Now, the problem with Python, at least in the past where broken installations, so that is one thing I wouldn’t use, for that reason first and foremost. The second thing about Python, is that it is more typing, and therefore more error prone. So, I think frankly that the tr command is a better alternative here, than Python. :slight_smile:

The problem with tr is that we must define the list of extended characters to translate in the command.
When I receive documents, I don’t know which extended characters are embedded so the tr scheme is perfectly useless. I will not build a list of every possible extended chars.
I know that it’s not a problem with texts written in English but English is not ruling the world.
So for a non English user, only a scheme treating the Unicode encoding(s) is relevant.

I never used PHP. In fact I try to remain far from Unix tools as long as there is no other scheme available.

If someone is fair enough to post the PHP convertcase incantations I will be glad to try them.

For me there is no problem with Python’s convertcase commands.
Tested handler is available in a library file from which I extract it when needed.
I posted it here some days ago.

KOENIG Yvan (VALLAURIS, France) dimanche 1 septembre 2013 16:01:00

In PHP you could use something like:

do shell script "php -r 'echo mb_strtoupper(fgets(STDIN), \"UTF-8\");' <<<'größe'"

Python is about 2 times faster than PHP.

I’m not trying to say that I’m right, just explaining why I’m using tr, not trying to say why someone else should.
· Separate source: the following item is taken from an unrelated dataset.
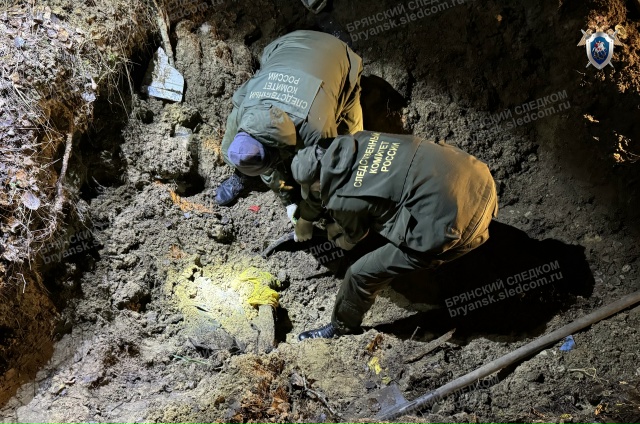 Дело об убийстве и краже почти полумиллиона рублей рассмотрит суд в Карачевском районе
In my language we only have a few more characters than English so the list is very small. I understand why someone else would use 3rd party software or use python. The reason for me not using 3rd party software is because I need to write scripts for hundreds of macs of all kind of different OS. All my scripts needs to run on a out-of-the-box mac.

My problem is that I receive files sent by users from numerous countries so I must have tools able to treat all of them.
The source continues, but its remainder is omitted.